- What the task requires -
Exact reproduction of all the entries is required, without any of their pictures.

- Stored data -
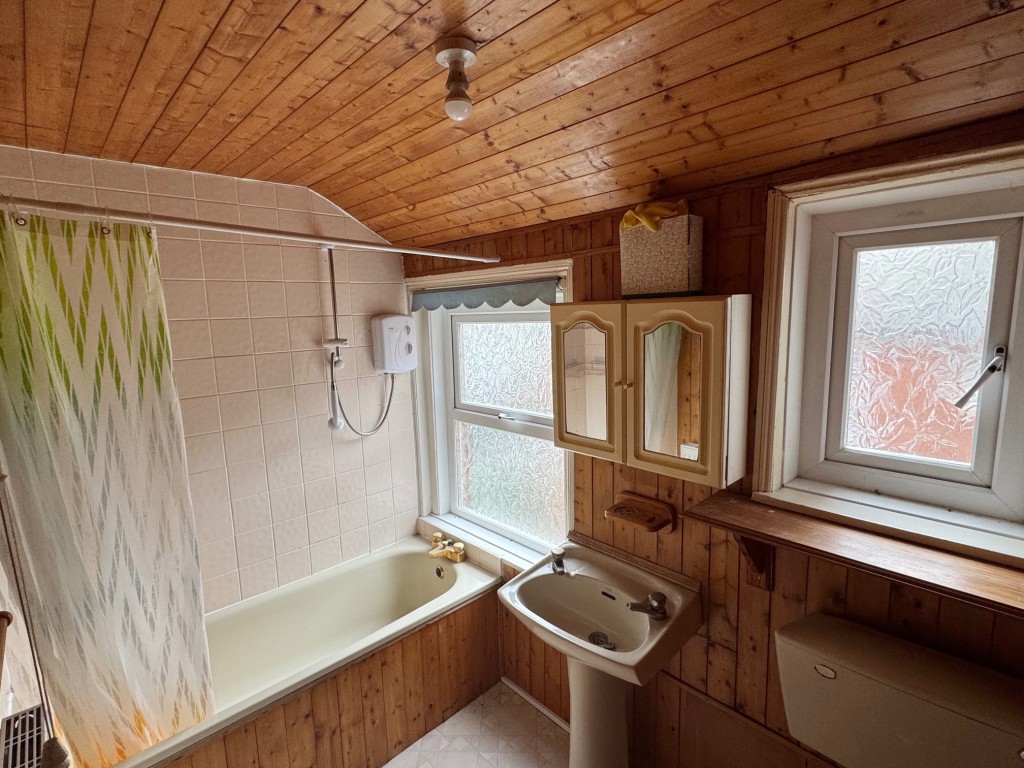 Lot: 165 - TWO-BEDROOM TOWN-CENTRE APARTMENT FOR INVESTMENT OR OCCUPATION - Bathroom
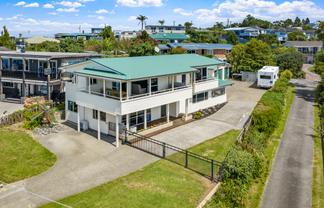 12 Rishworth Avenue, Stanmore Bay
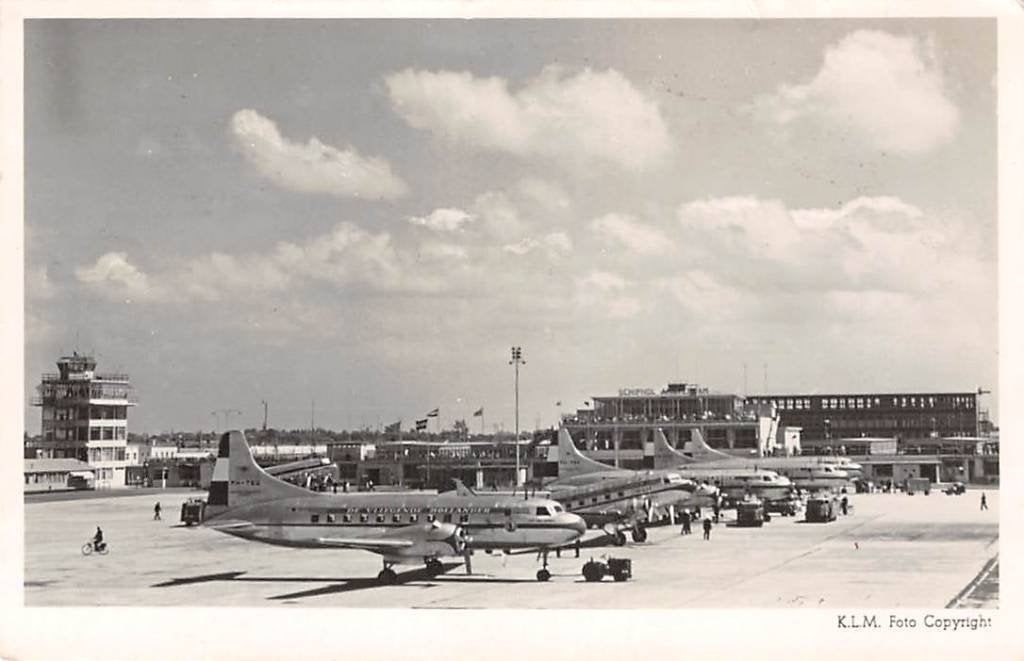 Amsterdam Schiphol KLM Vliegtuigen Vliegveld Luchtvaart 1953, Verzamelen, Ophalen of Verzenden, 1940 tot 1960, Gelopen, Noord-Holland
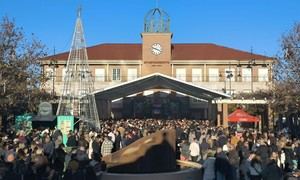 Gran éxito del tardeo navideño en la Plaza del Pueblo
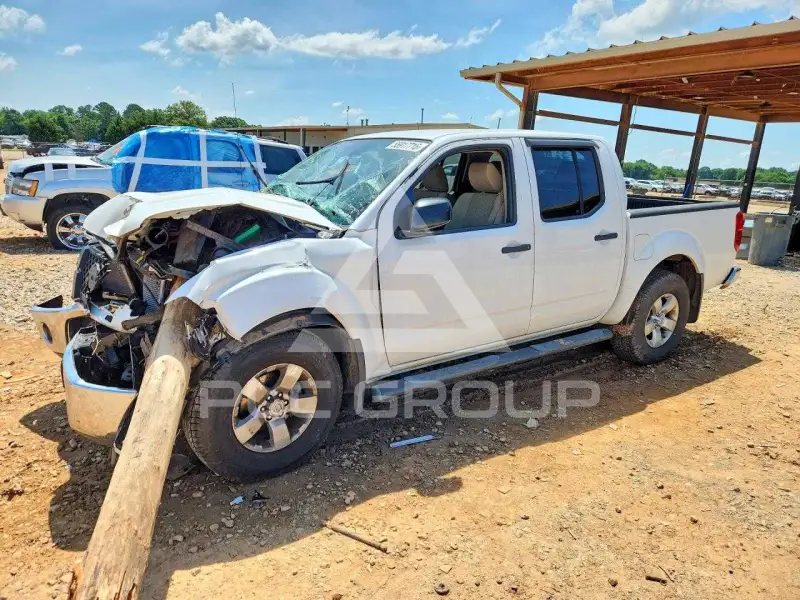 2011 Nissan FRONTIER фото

- Solution to this exercise -
 Lot: 165 - TWO-BEDROOM TOWN-CENTRE APARTMENT FOR INVESTMENT OR OCCUPATION - Bathroom
 12 Rishworth Avenue, Stanmore Bay
 Amsterdam Schiphol KLM Vliegtuigen Vliegveld Luchtvaart 1953, Verzamelen, Ophalen of Verzenden, 1940 tot 1960, Gelopen, Noord-Holland
 Gran éxito del tardeo navideño en la Plaza del Pueblo
 2011 Nissan FRONTIER фото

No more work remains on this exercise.